▸ WHAT IS EXPECTED: An exact copy of the data below is needed; please leave out any pictures.

▸ DATA EXCERPT:
──────────────────────────────
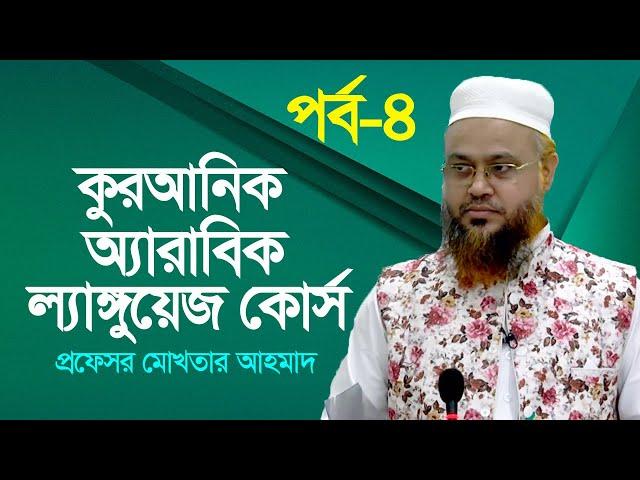 কুরআনিক অ্যারাবিক ল্যাঙ্গুয়েজ কোর্স | Quranic Language Course | EP 4 | Professor Mokhter Ahmad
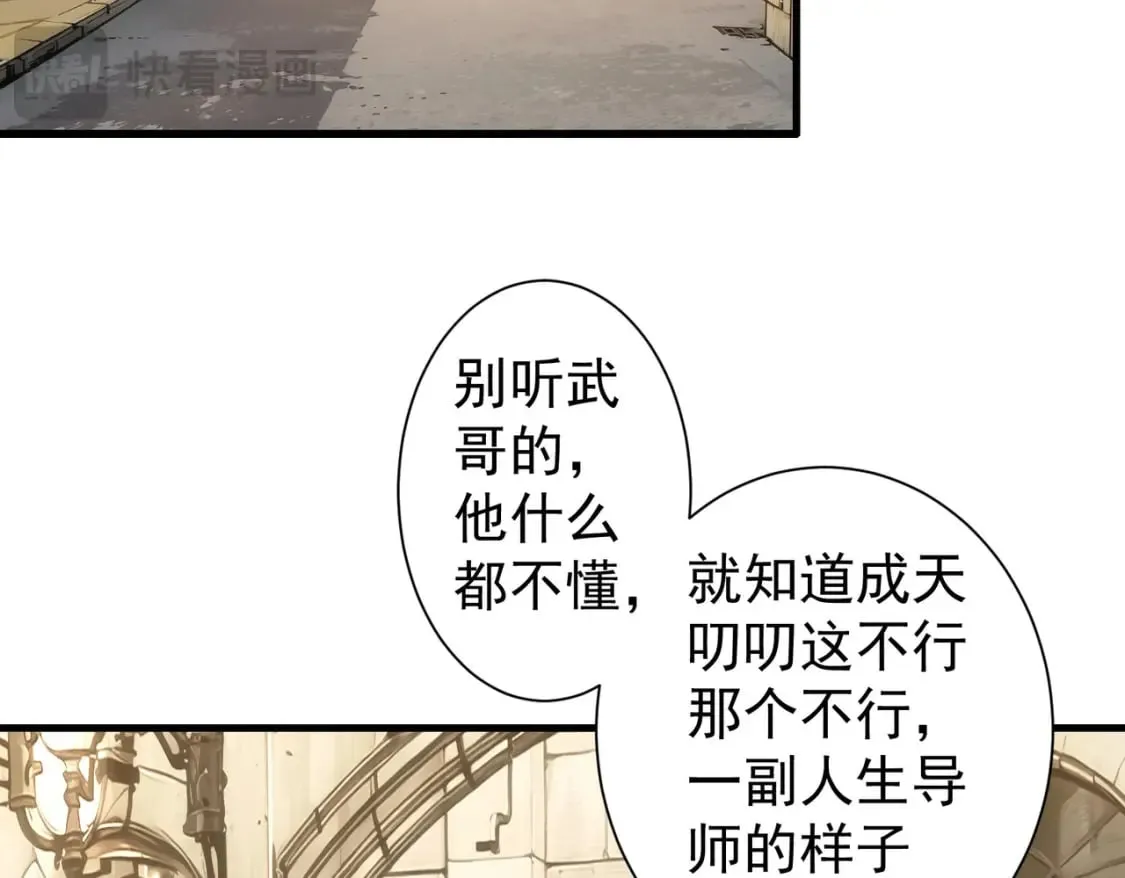 第332话 一锅粥 第6页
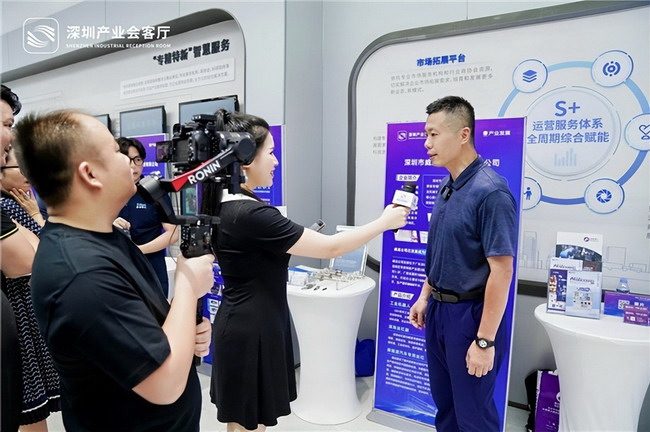 深圳举办专精特新产业对接活动 助力企业拓展市场空间(图16)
──────────────────────────────
▸ ANSWER SPACE:
 কুরআনিক অ্যারাবিক ল্যাঙ্গুয়েজ কোর্স | Quranic Language Course | EP 4 | Professor Mokhter Ahmad
 第332话 一锅粥 第6页
 深圳举办专精特新产业对接活动 助力企业拓展市场空间(图16)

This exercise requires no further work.